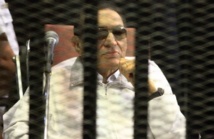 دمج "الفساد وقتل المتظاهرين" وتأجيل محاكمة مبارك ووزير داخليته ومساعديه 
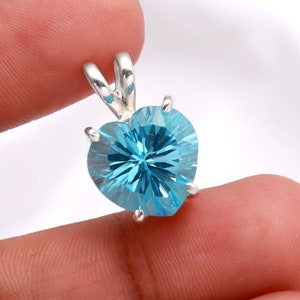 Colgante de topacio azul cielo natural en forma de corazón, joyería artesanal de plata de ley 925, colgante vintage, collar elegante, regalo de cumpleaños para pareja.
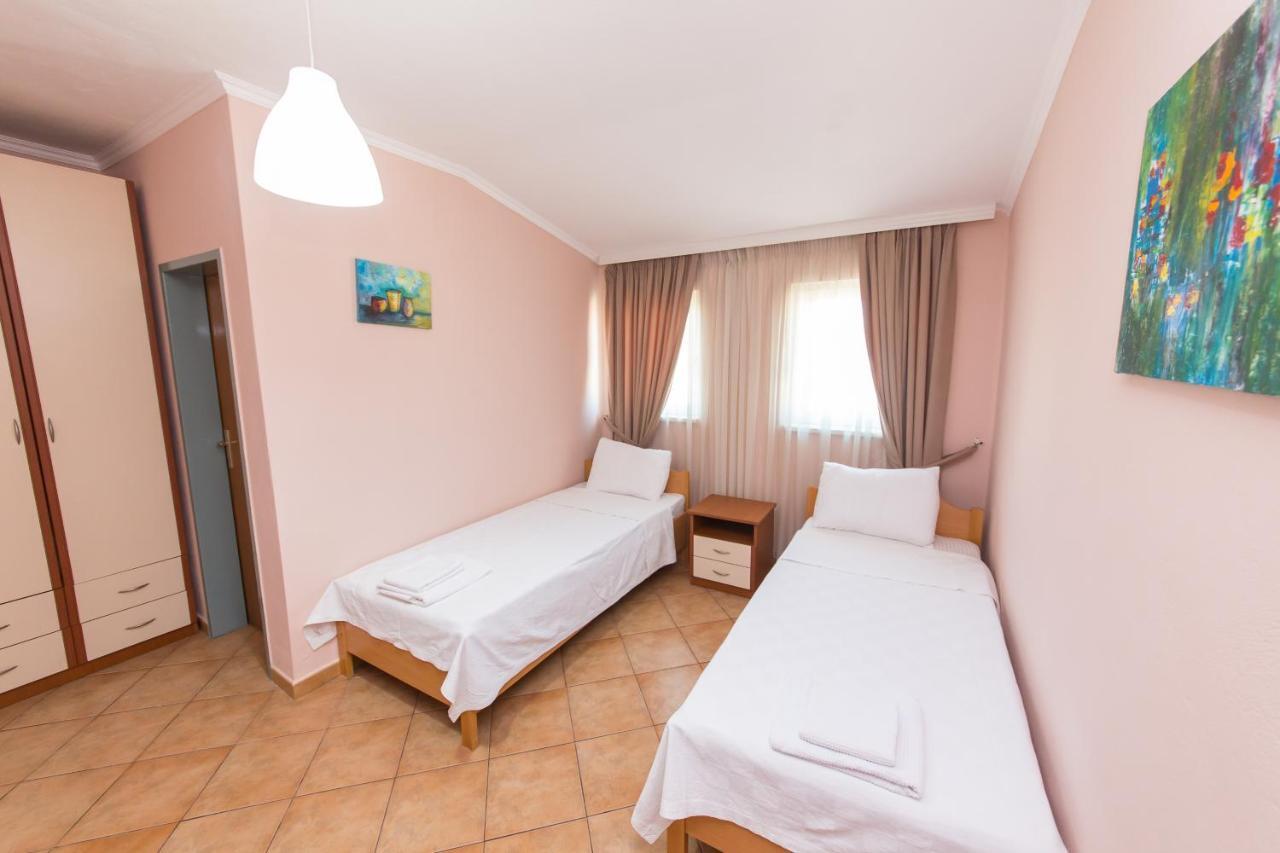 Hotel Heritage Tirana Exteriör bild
+++
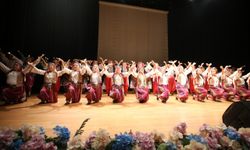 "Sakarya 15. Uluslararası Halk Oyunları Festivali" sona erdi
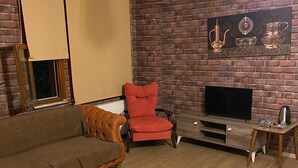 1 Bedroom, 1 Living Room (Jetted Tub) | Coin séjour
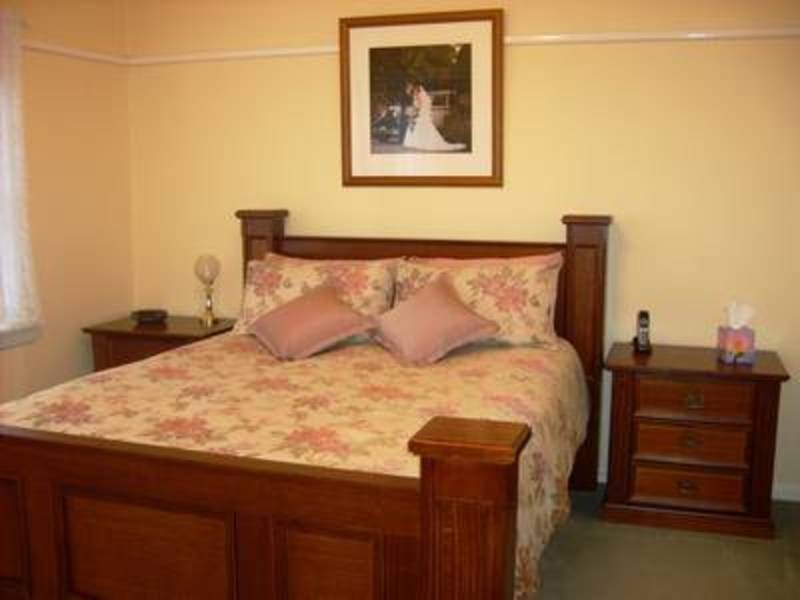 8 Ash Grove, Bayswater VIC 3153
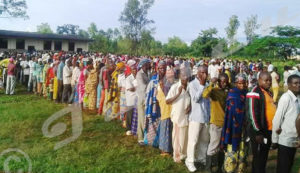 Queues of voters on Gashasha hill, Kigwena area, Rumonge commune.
+++
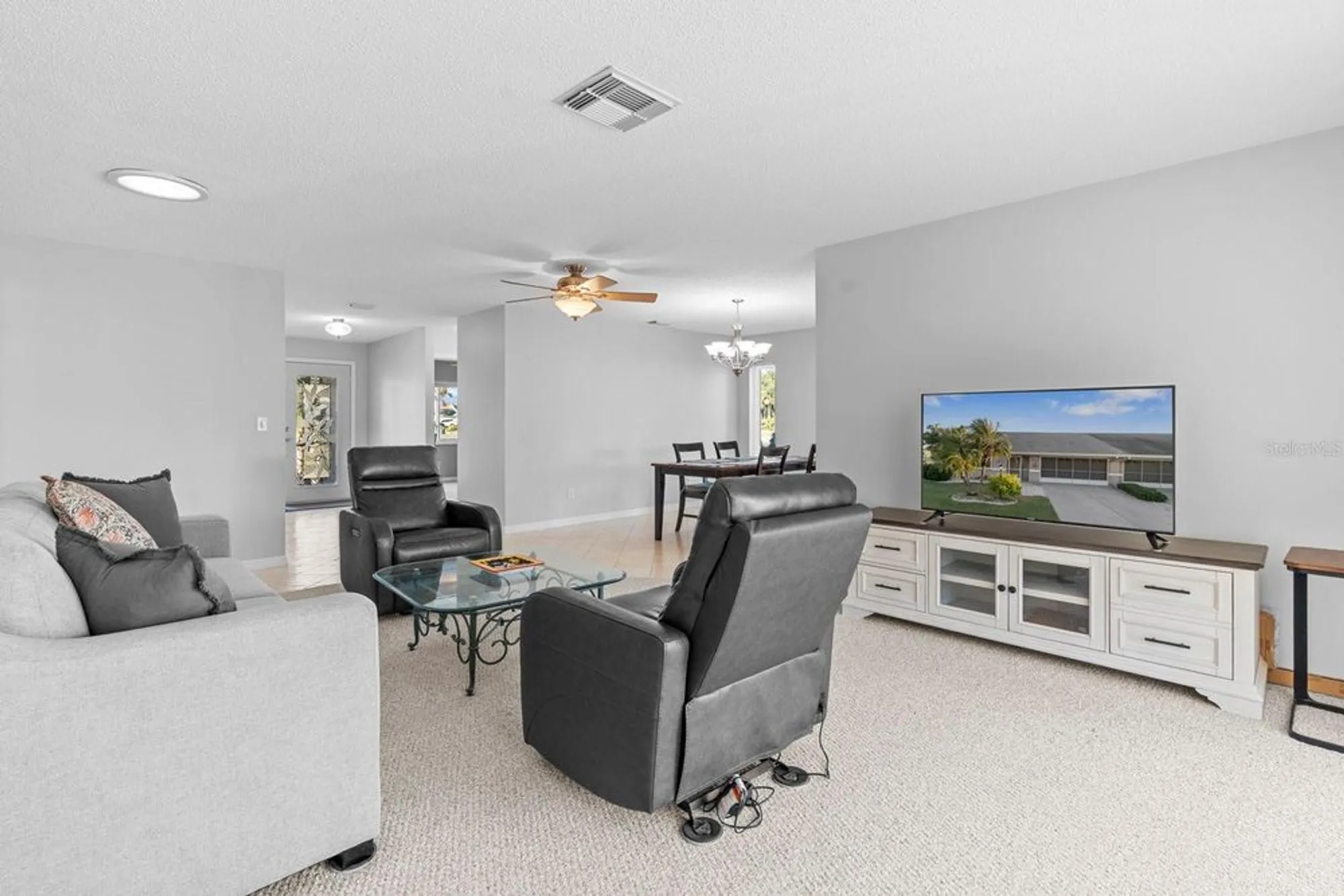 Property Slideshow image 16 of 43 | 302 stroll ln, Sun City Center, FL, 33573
+++
§ **Work item**:
Output exactly, and only, the lines of the entries above from the one with "ووزير داخليته ومساعديه" up to and including the one with "Hotel Heritage Tirana Exteriör bild"; pictures are to be left out.

§ **Your solution**:
 دمج "الفساد وقتل المتظاهرين" وتأجيل محاكمة مبارك ووزير داخليته ومساعديه 
 Colgante de topacio azul cielo natural en forma de corazón, joyería artesanal de plata de ley 925, colgante vintage, collar elegante, regalo de cumpleaños para pareja.
 Hotel Heritage Tirana Exteriör bild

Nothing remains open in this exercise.